The cache of open tables can grow to a maximum of table_cache
(default
64; this can be changed with with the -O table_cache=#
option to
mysqld
). A table is never closed, except when the cache is full and
another thread tries to open a table or if you use mysqladmin
refresh
or mysqladmin flush-tables
.
When the table cache fills up, the server uses the following procedure
to locate a cache entry to use:
-
Tables that are not currently in use are released, in least-recently-used
order.
-
If the cache is full and no tables can be released, but a new table needs to
be opened, the cache is temporarily extended as necessary.
-
If the cache is in a temporarily-extended state and a table goes from in-use
to not-in-use state, it is closed and released from the cache.

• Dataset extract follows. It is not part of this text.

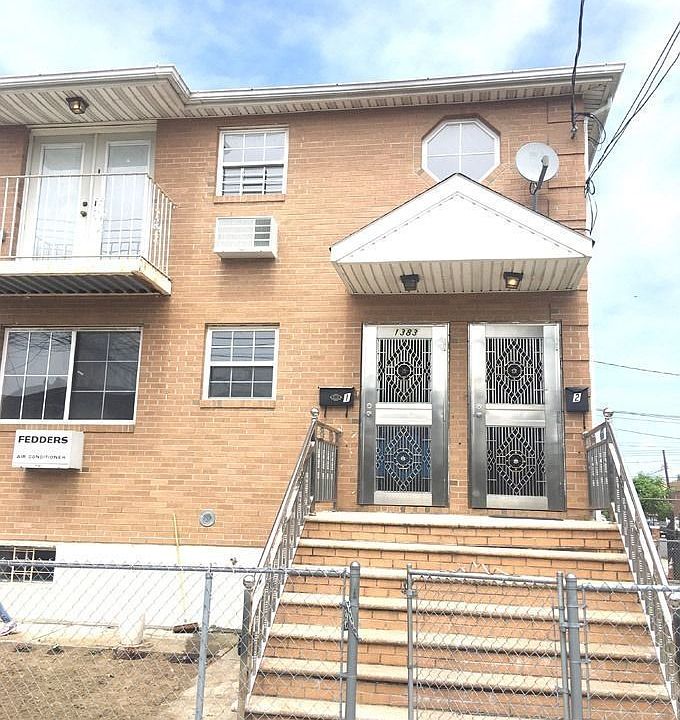 1st image of 1383 E 99th St #1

A table is opened for each concurrent access. This means that
if you have two threads accessing the same table or access the table
twice in the same query (with AS
) the table needs to be opened twice.
The first open of any table takes two file descriptors; each additional
use of the table takes only one file descriptor. The extra descriptor
for the first open is used for the index file; this descriptor is shared
among all threads.
If you have many files in a directory, open, close and create operations will
be slow. If you execute SELECT
statements on many different tables,
there will be a little overhead when the table cache is full, because for
every table that has to be opened, another must be closed. You can reduce
this overhead by making the table cache larger.